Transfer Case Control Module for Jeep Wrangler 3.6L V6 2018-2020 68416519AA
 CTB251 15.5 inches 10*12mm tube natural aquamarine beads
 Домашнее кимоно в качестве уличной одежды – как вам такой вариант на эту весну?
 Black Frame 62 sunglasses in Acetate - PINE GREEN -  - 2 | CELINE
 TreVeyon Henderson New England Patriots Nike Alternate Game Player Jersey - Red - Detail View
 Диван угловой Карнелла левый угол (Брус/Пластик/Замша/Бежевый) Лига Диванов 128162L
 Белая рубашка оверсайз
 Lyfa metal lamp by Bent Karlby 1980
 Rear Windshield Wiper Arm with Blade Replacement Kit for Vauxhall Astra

::::

Task brief =
In full and without alteration, write out each record.

Written reply =
Transfer Case Control Module for Jeep Wrangler 3.6L V6 2018-2020 68416519AA
 CTB251 15.5 inches 10*12mm tube natural aquamarine beads
 Домашнее кимоно в качестве уличной одежды – как вам такой вариант на эту весну?
 Black Frame 62 sunglasses in Acetate - PINE GREEN -  - 2 | CELINE
 TreVeyon Henderson New England Patriots Nike Alternate Game Player Jersey - Red - Detail View
 Диван угловой Карнелла левый угол (Брус/Пластик/Замша/Бежевый) Лига Диванов 128162L
 Белая рубашка оверсайз
 Lyfa metal lamp by Bent Karlby 1980
 Rear Windshield Wiper Arm with Blade Replacement Kit for Vauxhall Astra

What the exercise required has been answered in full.